Dollinger Emmanuel, Silkwood Kai, Atwood Scott, Nie Qing, Lander Arthur D
Center for Complex Biological Systems, University of California, Irvine, Irvine, CA 92697.
Department of Developmental and Cell Biology, University of California, Irvine, Irvine, CA 92697.
bioRxiv. 2024 Oct 15:2024.10.11.617709. doi: 10.1101/2024.10.11.617709.
The high dimensionality of data in single cell transcriptomics (scRNAseq) requires investigators to choose subsets of genes (feature selection) for downstream analysis (e.g., unsupervised cell clustering). The evaluation of different approaches to feature selection is hampered by the fact that, as we show here, the performance of feature selection methods varies greatly with the task being performed. For routine cell type identification, even randomly chosen features can perform well, but for cell type differences that are subtle, both number of features and selection strategy can matter strongly. Here we present a simple feature selection method grounded in an analytical model that, without resorting to arbitrary thresholds or user-defined parameters, allows for interpretable delineation of both how many and which features to choose, facilitating identification of biologically meaningful rare cell types. We compare this method to default methods in scanpy and Seurat, as well as SCTransform, showing how greater accuracy can often be achieved with surprisingly few, well-chosen features.
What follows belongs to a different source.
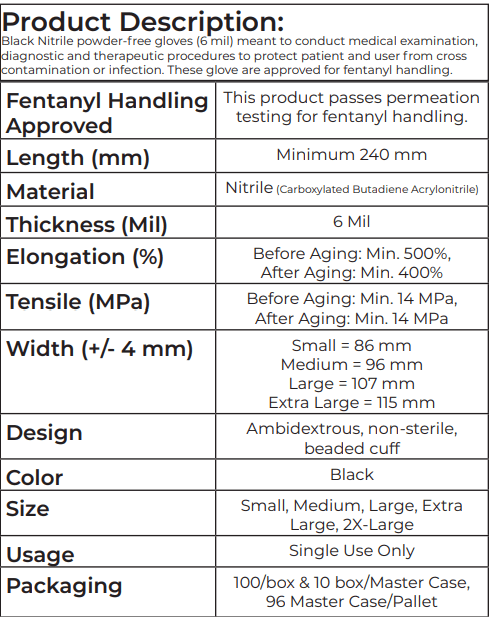 Black Nitrile Gloves 6mil - Fentanyl Resistant Gloves Product Description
单细胞转录组学(scRNAseq)中数据的高维度要求研究者选择基因子集(特征选择)用于下游分析(例如无监督细胞聚类)。正如我们在此所展示的,特征选择方法的性能会因所执行的任务而有很大差异,这一事实阻碍了对不同特征选择方法的评估。对于常规的细胞类型识别,即使是随机选择的特征也能表现良好,但对于细微的细胞类型差异,特征数量和选择策略都可能至关重要。在此,我们提出一种基于分析模型的简单特征选择方法,该方法无需借助任意阈值或用户定义的参数,就能对选择多少特征以及选择哪些特征进行可解释的描绘,有助于识别具有生物学意义的稀有细胞类型。我们将此方法与scanpy和Seurat中的默认方法以及SCTransform进行比较,展示了如何通过数量惊人少但精心选择的特征常常能实现更高的准确性。